To improve readability, Noir FV supports the implication operator ==>. The expression a ==> b (reads as “a implies b”) is logically equivalent to !a | b.

For example, the expression:

forall|i, j| (0 <= i) & (i <= j) & (j < len) ==> f(i, j)

means that for every pair i and j such that 0 <= i <= j < len, f(i, j) must hold.

Note that ==> has lower precedence than other Boolean operators. For instance, a ==> b & c is interpreted as a ==> (b & c).

Forall

Suppose we need to specify that all the elements of an array are powers of 2. If the array is small, we could write a specification for every element separately:

fn is_power_of_2(x: i32) -> bool {
  if x <= 0 { 
      false
    } else {
      (x & (x - 1)) == 0
    }
}

#[requires(is_power_of_2(arr[0]))]
#[requires(is_power_of_2(arr[1]))]
#[requires(is_power_of_2(arr[2]))]
#[ensures(is_power_of_2(result))]
fn main(arr: [i32; 3]) -> pub i32 {
    arr[1]
}

However, this approach doesn't scale well for larger arrays.

Fortunately, Noir FV and SMT solvers support the universal(forall) and existential(exists) quantifiers, which we can think of as infinite conjunctions or disjunctions:

forall(|i| f(i)) = ... f(-2) & f(-1) & f(0) & f(1) & f(2) & ...
exists(|i| f(i)) = ... f(-2) | f(-1) | f(0) | f(1) | f(2) | ...

By default the bound variables (i in forall|i|) are of type int, representing all mathematical integers, both positive and negative. The SMT solver contains direct support for reasoning about int values.

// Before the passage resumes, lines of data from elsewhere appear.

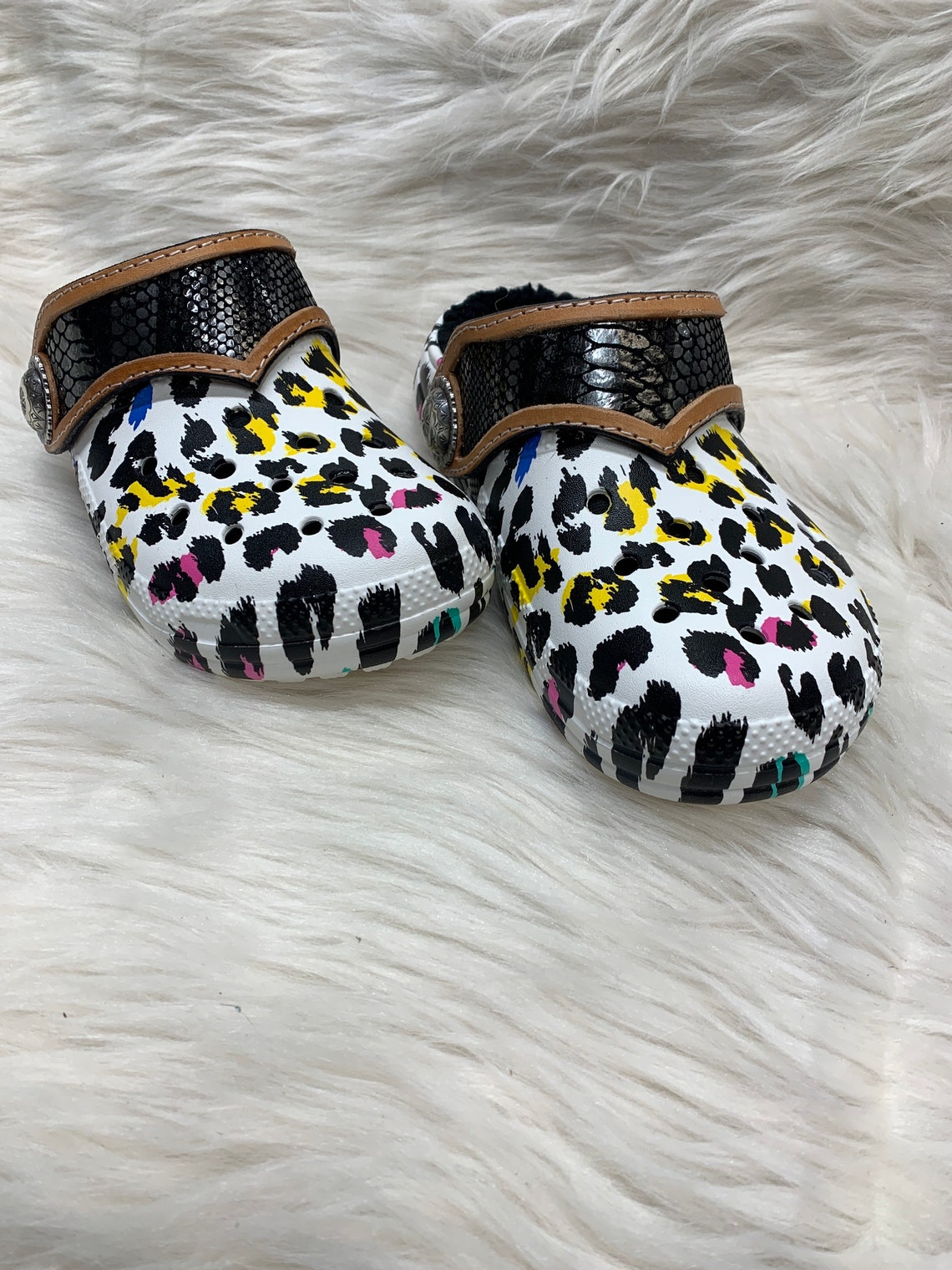 How To Wear Crocs Straps? Pedi Delight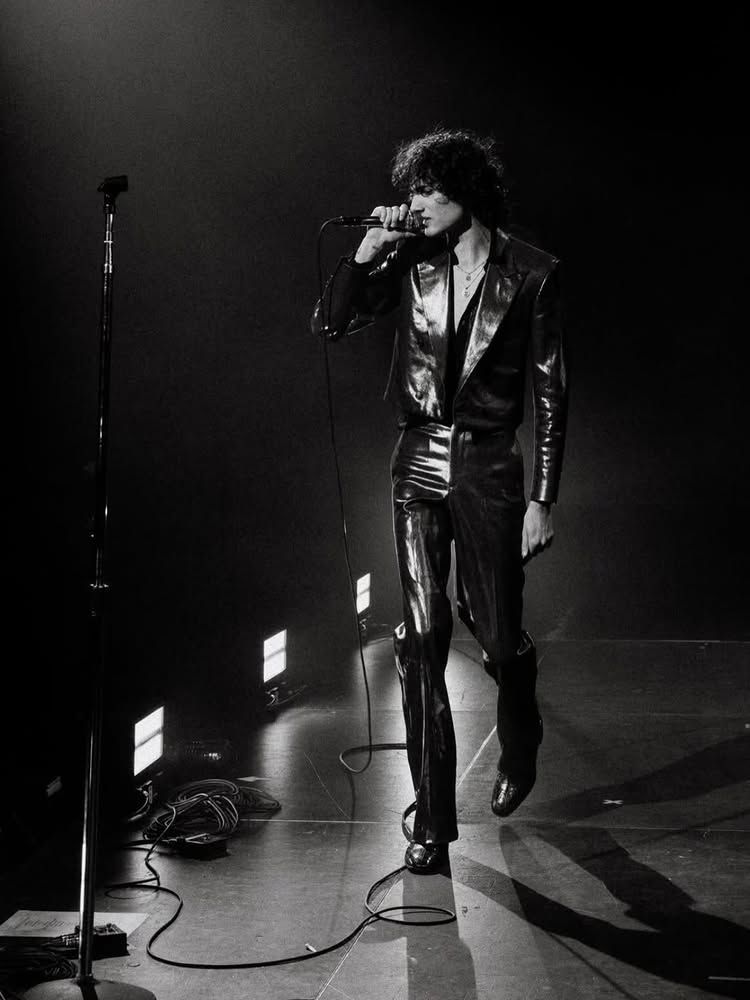 무대 의상으로 갭 스튜디오 의상을 착용한 솜버와 갭 스튜디오 캠페인 이미지. / 이미지 출처: GAP / 인스타그램: @gap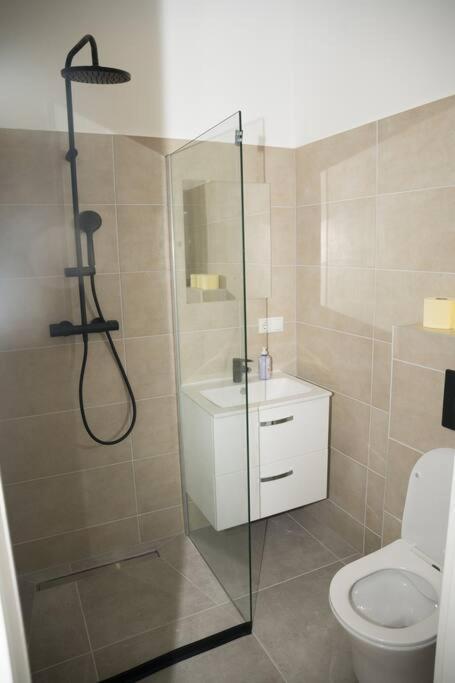Rrooms Smart A Apartment *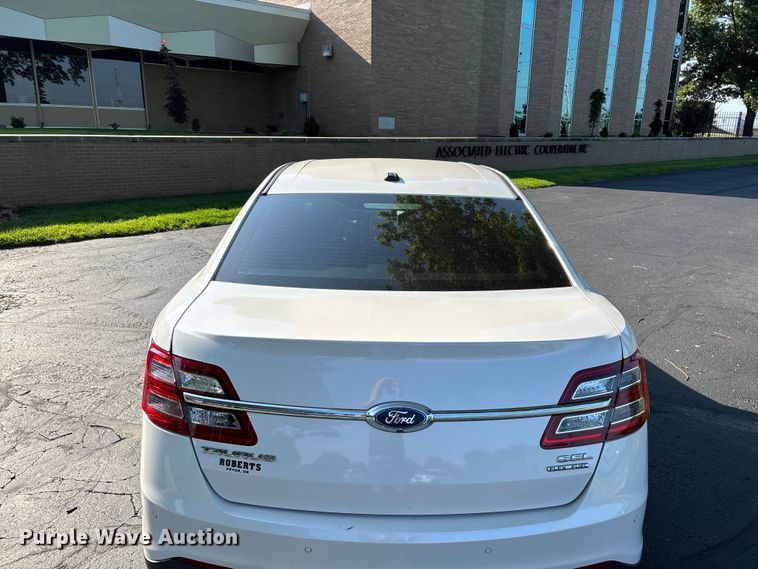 image for item FG0515 2019 Ford Taurus SEL 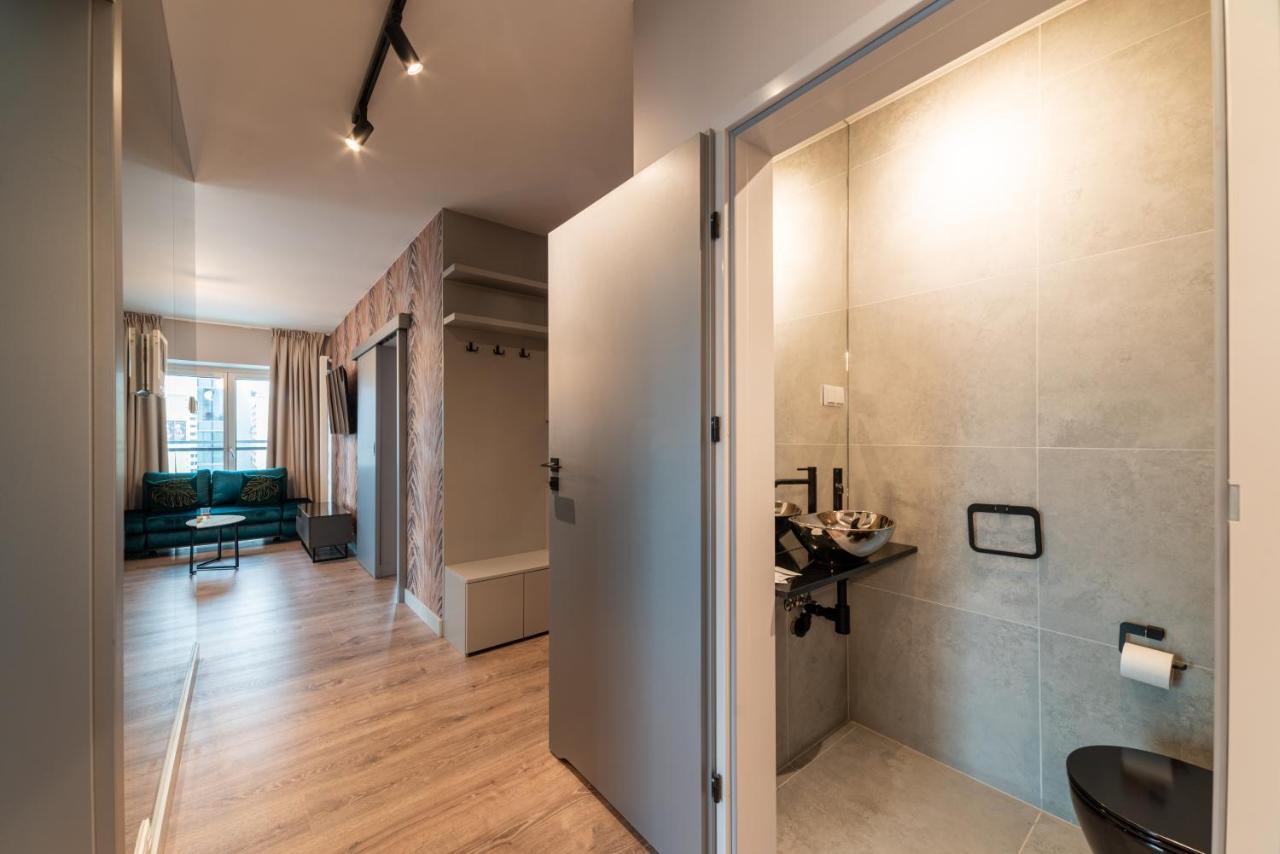 Mennica Residence Luxury Location Warsawa Bagian luar foto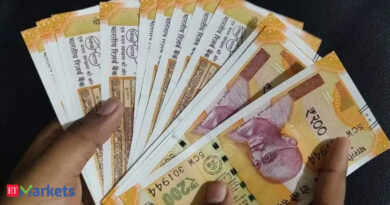 Rupee hits two-month low, breaches 96/USD mark as oil worries deepen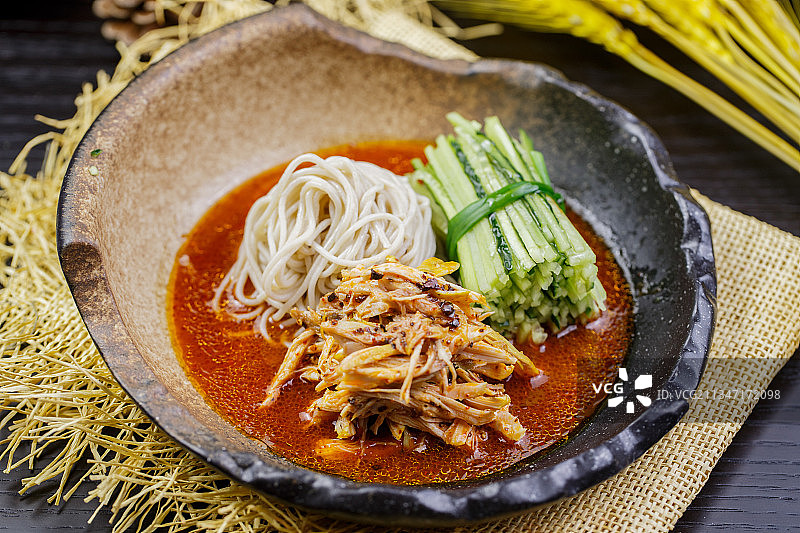 鸡丝荞麦面凉拌图片素材
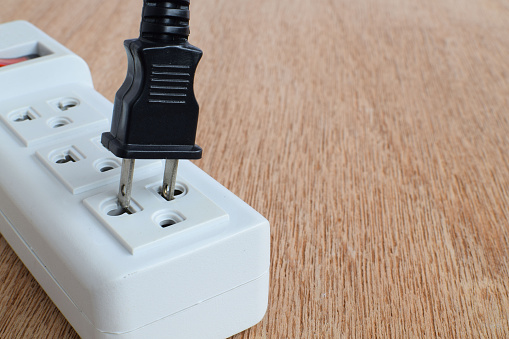 thinkstockphotos-488215938 unplug
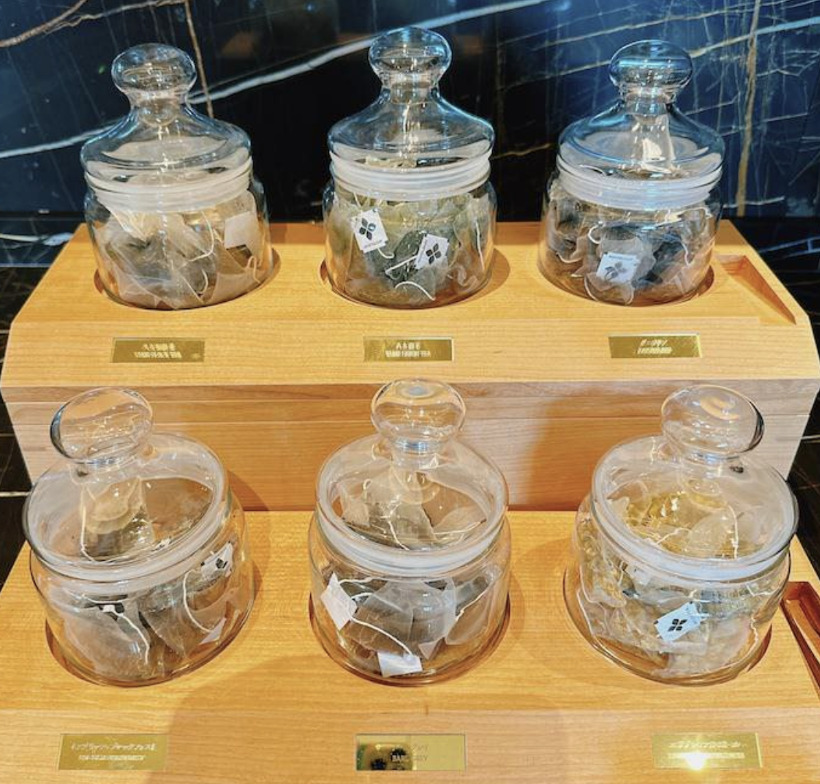 セルフサービス対応のティーディスプレイとソリューション イメージ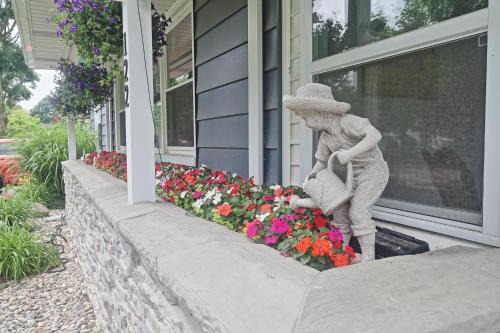Frankenmuth Dawdy Haus with Hot Tub and Massage Chair 2 blocks from main street in Frankenmuth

With quantifiers, it's much more convenient to write a specification about all elements of an array:

#[requires(
    forall(|i|
     (0 <= i) & (i < 3) ==> is_power_of_2(arr[i])
    ))]
#[ensures(is_power_of_2(result))]
fn main(arr: [i32; 3]) -> pub i32 {
    arr[1]
}

Exists

exists expressions are the dual of forall. While forall(|i| f(i)) means that f(i) is true for all i, exists(|i| f(i)) asserts that f(i) holds for at least one i. To prove exists(|i| f(i)), an SMT solver has to find one value for i such that f(i) is true. This value is called a witness for exists(|i| f(i)).

The following example demonstrates how exists successfully finds a witness

#[requires(is_power_of_2(arr[0]))] // Potential witness
#[requires(!is_power_of_2(arr[1]))]
#[requires(is_power_of_2(arr[2]))] // Potential witness
#[ensures(exists(|i| (0 <= i) & (i < 3) ==> is_power_of_2(result[i])))] // i is going to be either 0 or 2
fn main(arr: [i32; 3]) -> pub [i32; 3] {
    arr
}

This verification succeeds because at least one element (arr[0] or arr[2]) is a power of 2, allowing exists to identify a witness.